MumsOnCrack · 23/08/2017 15:24

I actually think sometimes they push it on purpose because they know they're being weird as fuck but if they can make you snap and be the unreasonable one, it makes them feel better!

GreenHillsRolling · 23/08/2017 15:59

You can say something but you'd have to be very careful of the tone u use or as mums says you will be the unreasonable one. 'I'm trying to read a different bit of the menu at the moment.' Maybe something like that?

TheInimitableMrsFanshawe · 23/08/2017 16:38

Both my mum and MIL do this in different ways. I'm 36, married and on my second mortgage with an incredibly responsible job. I can probably manage to make toast without incident.

With my mum it's obvious that she's furious that I managed to avoid falling pregnant at 20, despite her dire warnings. Shame she couldn't manage the same...

choccyp1g · 23/08/2017 16:54

My passenger MIL reads road signs out loud; the names of streets, the turn left sign, the speed limits, the motorway exit numbers etc. etc.

she has many other annoying little ways, but on the road signs I KNOW I am not being unreasonable.

choccyp1g · 23/08/2017 16:59

She also pulls faces at whatever anyone else orders, while muttering "greasy" and "fattening".
The very idea of drinking alcohol with a meal send her into paroxysms.
I very rarely drink alcohol, but find myself ordering beer just to annoy her to assert my independence.

mummmy2017 · 23/08/2017 17:38

Have you tried the Agree Technic.
Mum: Why are we going this way.
You: Oh yes this isn't the way you normally go but the SAT nav says it it quicker.
Mum: but I don't know this way, lets go the way I know.
You; I know you know one way to go: but this computer thing knows a faster way you way must have a traffic jam.
Mum but my way is just as quick.
You: yes your way is quick however the SAT Nav says this way is quicker and then you will know 2 ways should your way be blocked.

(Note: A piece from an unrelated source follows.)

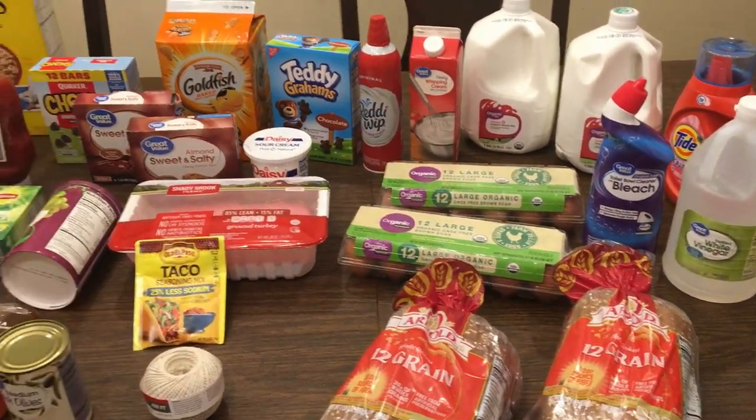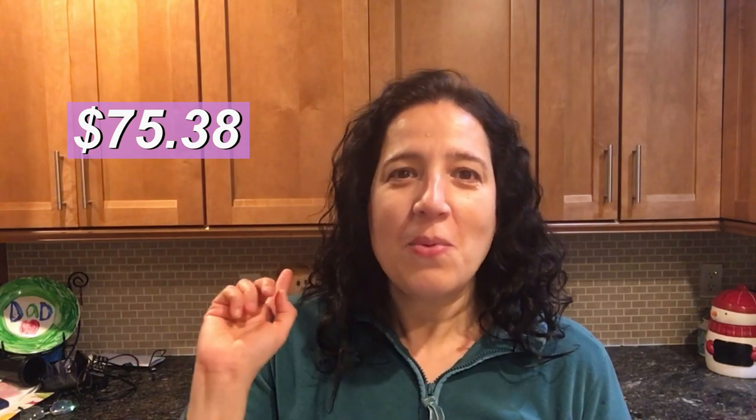This is like the smallest haul ever, but this is everything I got at Walmart. Obviously I didn't spend $180. I was able to shop my fridge, my freezer, and my pantry and come up with a week's worth of meals, barely touching those ingredients. That grocery haul only cost me $104.62, which means that this first grocery haul of the year, I've already saved $75.38. That's my first savings of the year — I'm so excited, especially coming out with that much of a head start.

Spangles1963 · 23/08/2017 17:41

Goodness OP it sounds like you're talking about my late DM. When I was thinking of getting a cat,several years before she passed away,she kept on and on at me about what a bad idea it was until she'd actually convinced herself that I wasn't going to. I did and have never regretted it. It was the same with a lot of other things. She'd get a bee in her bonnet about it and keep on and on at me until I'd feel like screaming at her to shut up. Even though I was in my mid 40s,and had not lived at home for over 25 years,she still thought that I was incapable of making a sensible decision on my own about anything.

Bluelonerose · 23/08/2017 17:46

Omg you could be talking about my mom!
She only lives 10 mins away but she drives me crazy.
Don't get me wrong she's always behind me and would help me out in a heartbeat.
But it's the control factor that drives me crazy. My mom sulked over the fact my kids had to leave her 60th b'day party early (11pm early) coz they were going on holiday with their dad next day. Didn't open her presents for 4 months!! She expected them to rearrange a holiday!!